The aid given to the ascending souls reveals two further points: First, God has placed people on others’ paths to help them achieve their ultimate end; second, it speaks to the importance of friendships. Since all are in statu via, a journey toward perfection together, every person is a pilgrim and a travelling companion of the other. Though each person’s journey differs, men share the same destination: Heaven. Thus, the path to heaven is not meant to be solitary. God created men to journey together, giving and receiving help. Friendship then plays a vital role in life’s journey, as friends should inspire, encourage, and aid each other on their earthly pilgrimage.
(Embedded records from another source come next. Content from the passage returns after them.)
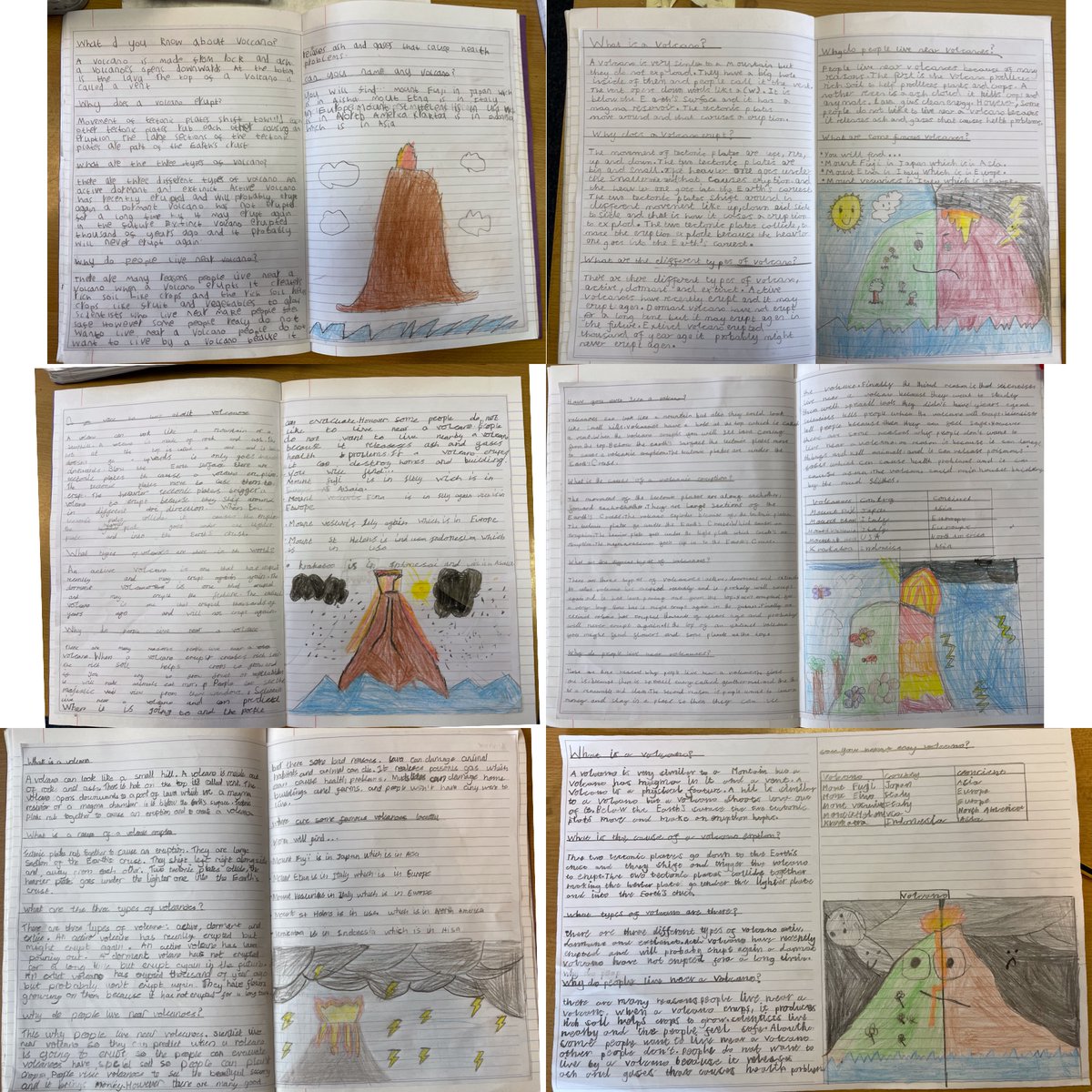Year 3's non-fiction writing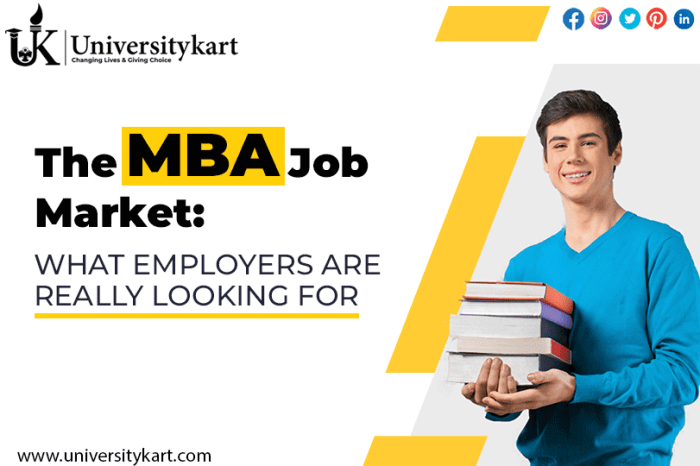 Lulusan Mba Kerja Apa 2025
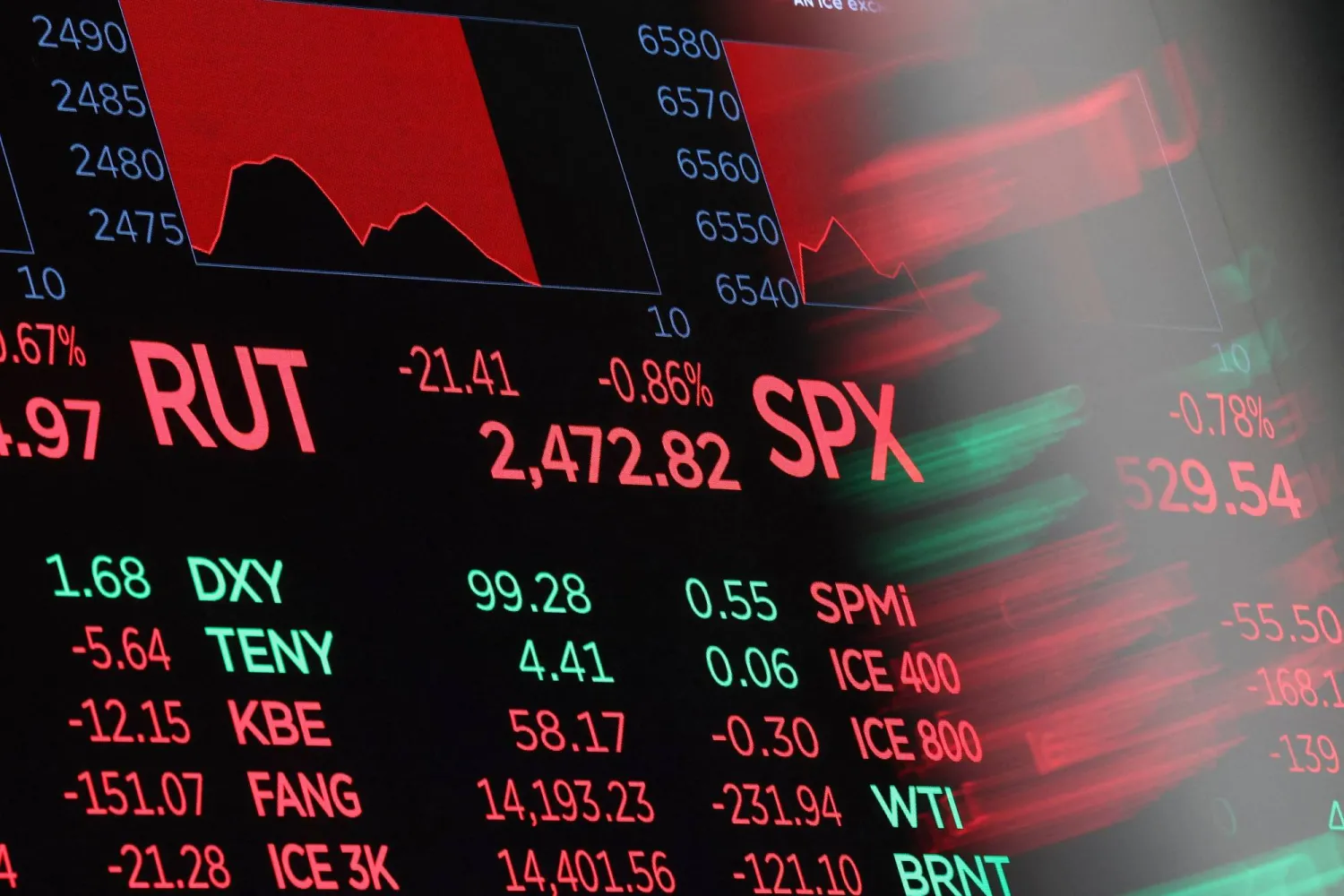 Stock market statistics are displayed on a screen at the New York Stock Exchange (AFP)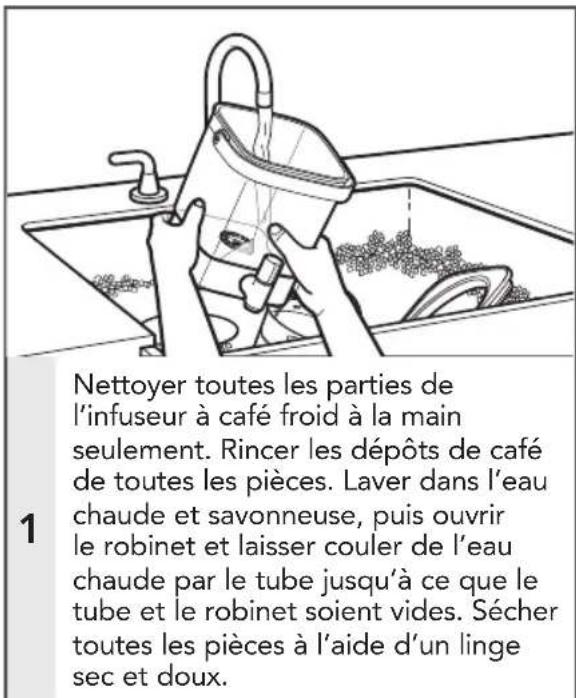 1 Nettoyer toutes les parties de l'infuseur à café froid à la main seulement. Rincer les dépôts de café de toutes les pièces. Laver dans l'eau chaude et savonneuse, puis ouvrir le robinet et laisser couler de l'eau chaude par le tube jusqu'à ce que le tube et le robinet soient vides. Sécher toutes les pièces à l'aide d'un linge sec et doux.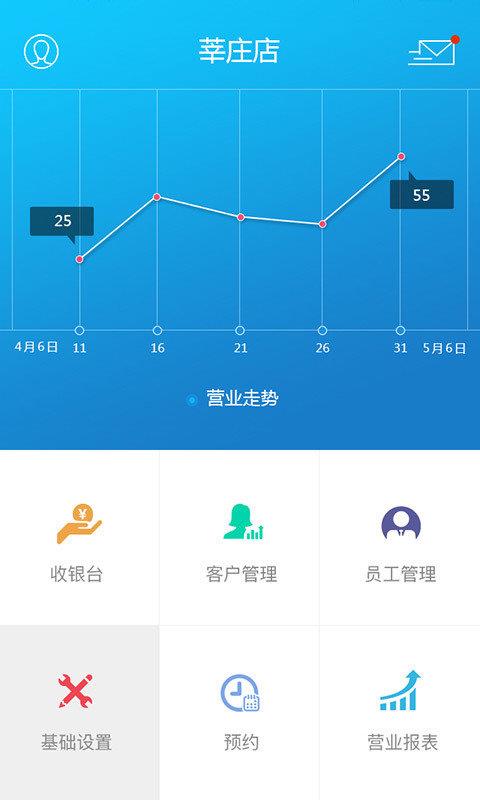 靓丽前台  v2.3.0图1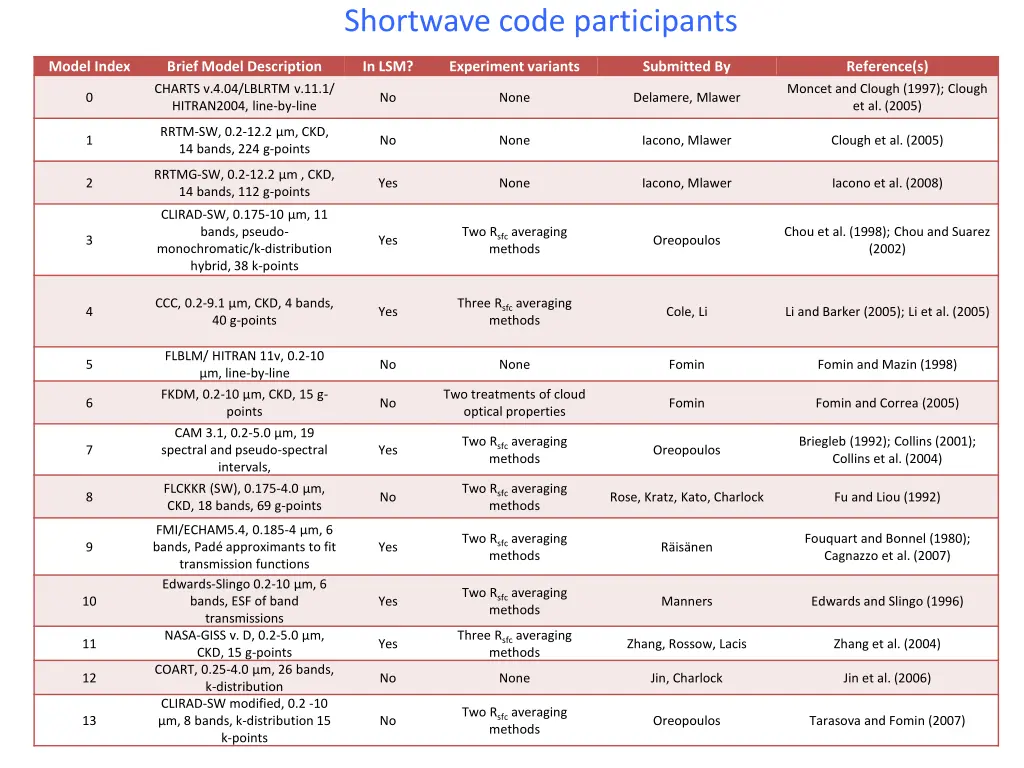 shortwave code participants
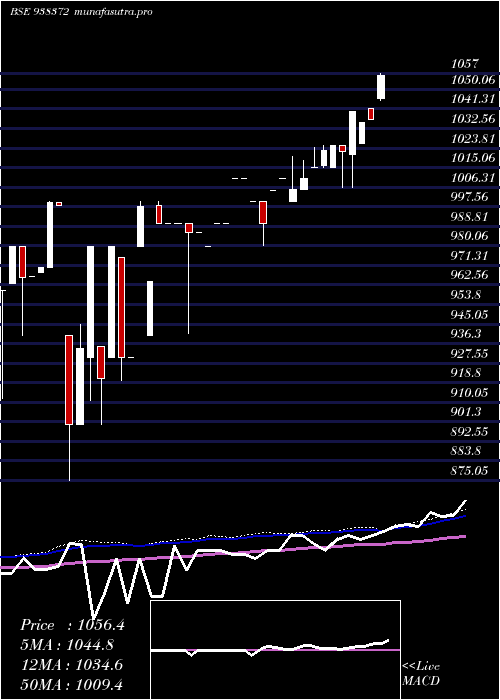 weekly chart 1045efsl33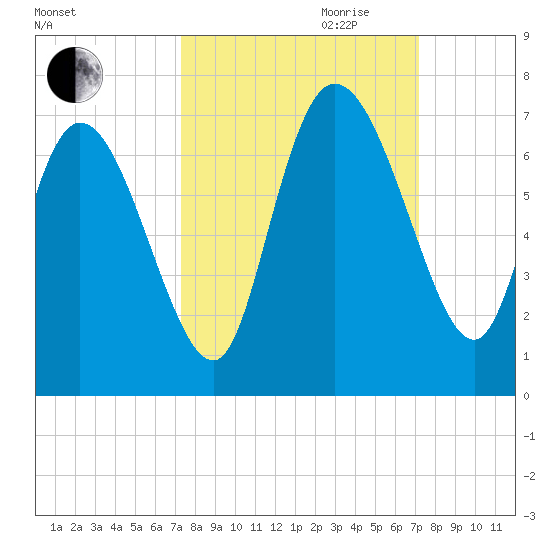 Tide chart for ICWW, Mackay River, Buttermilk Sound on 2022/10/02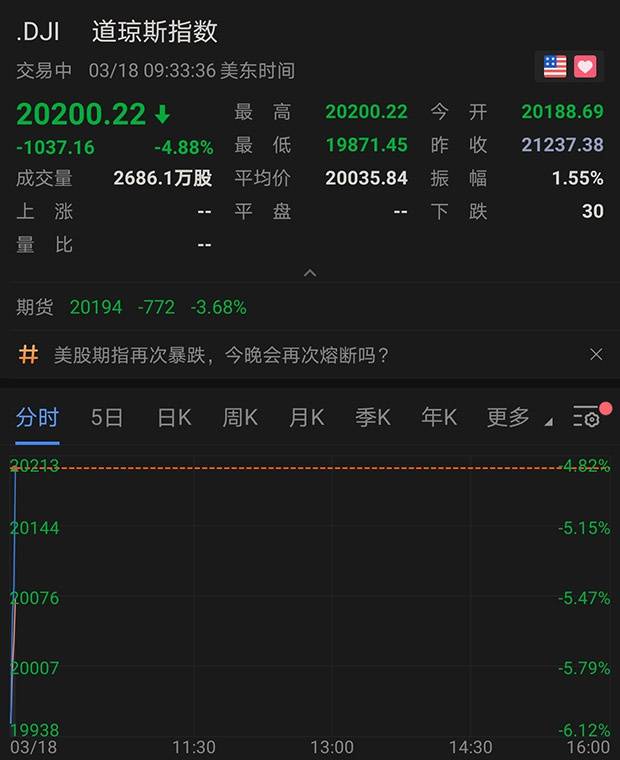 美股大幅低开，道指跌1000点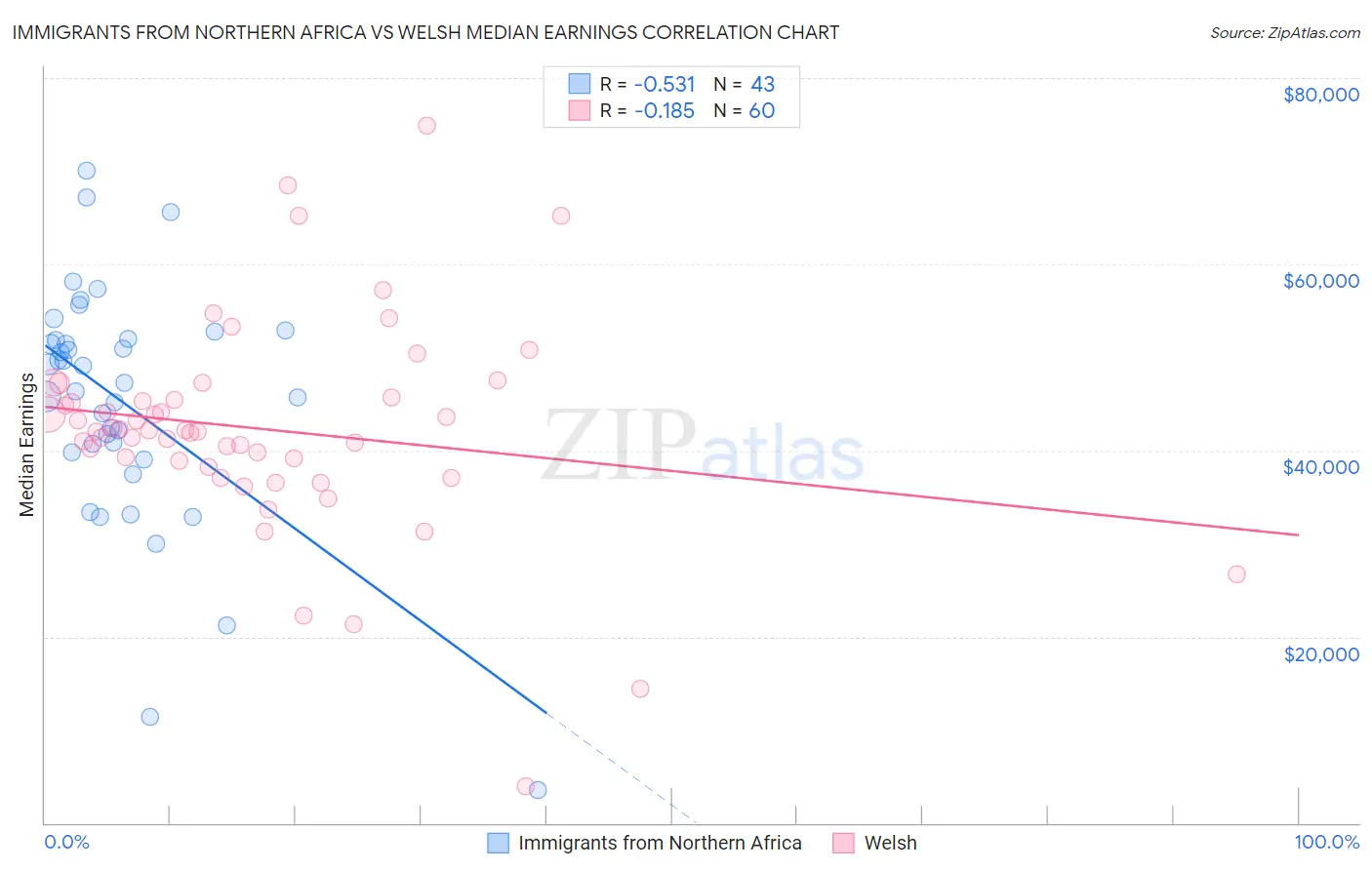Immigrants from Northern Africa vs Welsh Median Earnings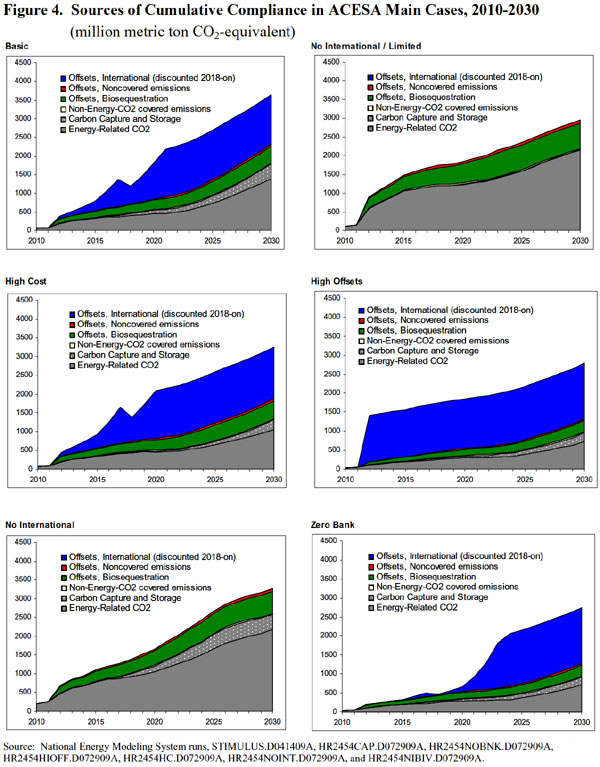 Figure 4. Sources of Cumulative Compliance in ACESA Main Cases, 2012-2030 (million metric ton CO2-equivalent).  Need help, contact the National Energy Information Center at 202-586-8800).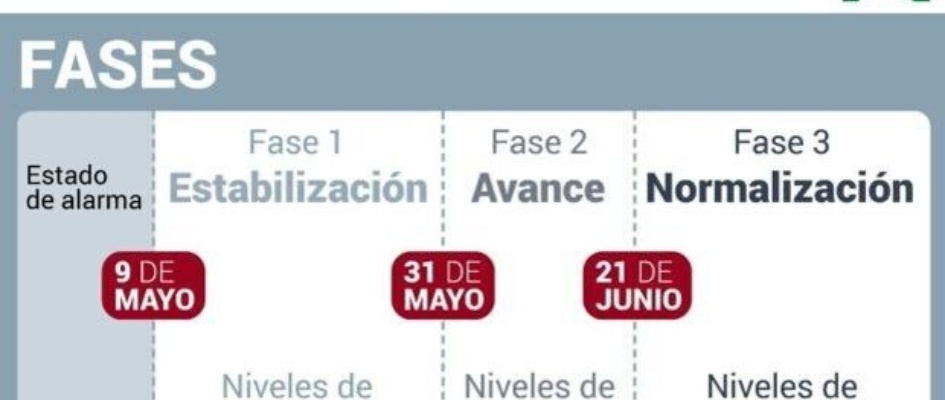 grafico-desescalada-andalucia-kFEI--620x349@abc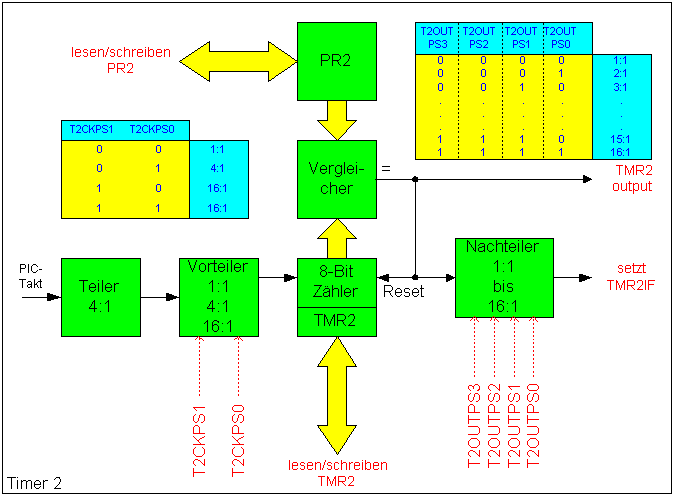 Timer2 Blockschaltbild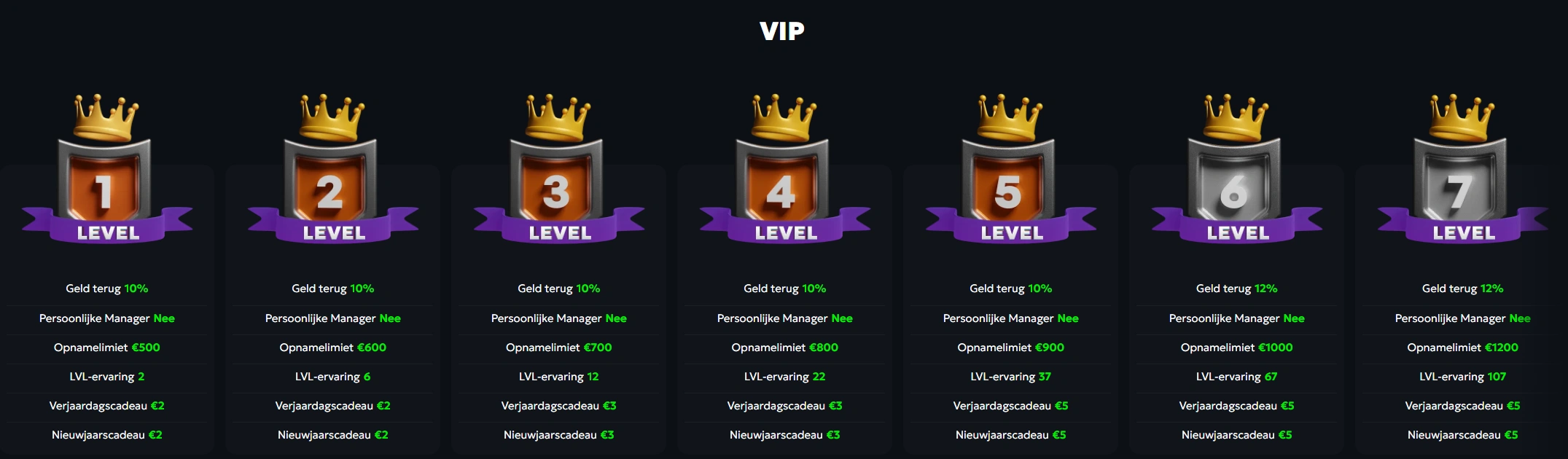 SpinMills VIP-Status en Loyaliteitsvoordelen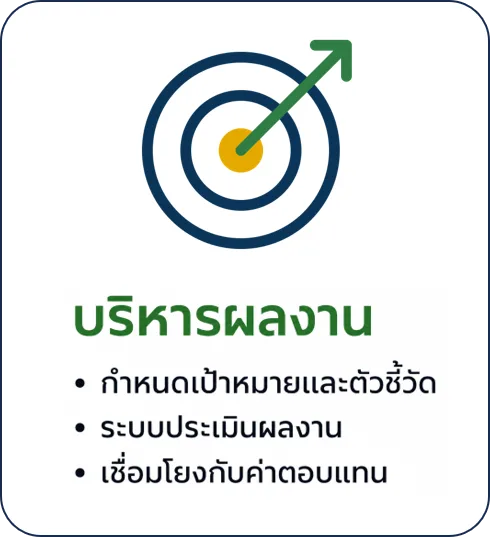 PMS บริการออกแบบระบบบริหารผลงาน โดย PSC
Michelangelo further speaks of the theology of grace by demonstrating the power of the sacraments and of prayer in The Last Judgement. The faithful rely on the power of the sacraments and of prayer in their ascent to eternal beatitude. God extends His grace to men through the sacraments, the primary vehicle of grace. The Italian artist conveys this by depicting a priest imparting a final benediction on a dying soul in the righthand corner of this dramatic scene. In another section, Michelangelo portrays an angel pulling two people tied together heavenward by means of the rosary. Thus, for Michelangelo, the reception of the sacraments and the commitment to a life of prayer are integral to entering Heaven.
Because the righteous souls accepted and remained receptive to God’s grace in their lives by “fighting the good fight,” there is much jubilation in Heaven, for they attained the ultimate Good for which they strove on earth. Michelangelo starkly contrasts this with the terror of those in hell, who consistently rejected God’s grace on earth, and so forever will be tortured in both body and soul, knowing that their own obstinate refusal of God’s gifts dragged them to their demise. Thus, The Last Judgement of Michelangelo serves as a powerful reminder of the daily struggle to attain heaven, of the theology of grace, and of the importance of one’s own volition in accepting and actively cooperating with the grace which God so freely gives to men.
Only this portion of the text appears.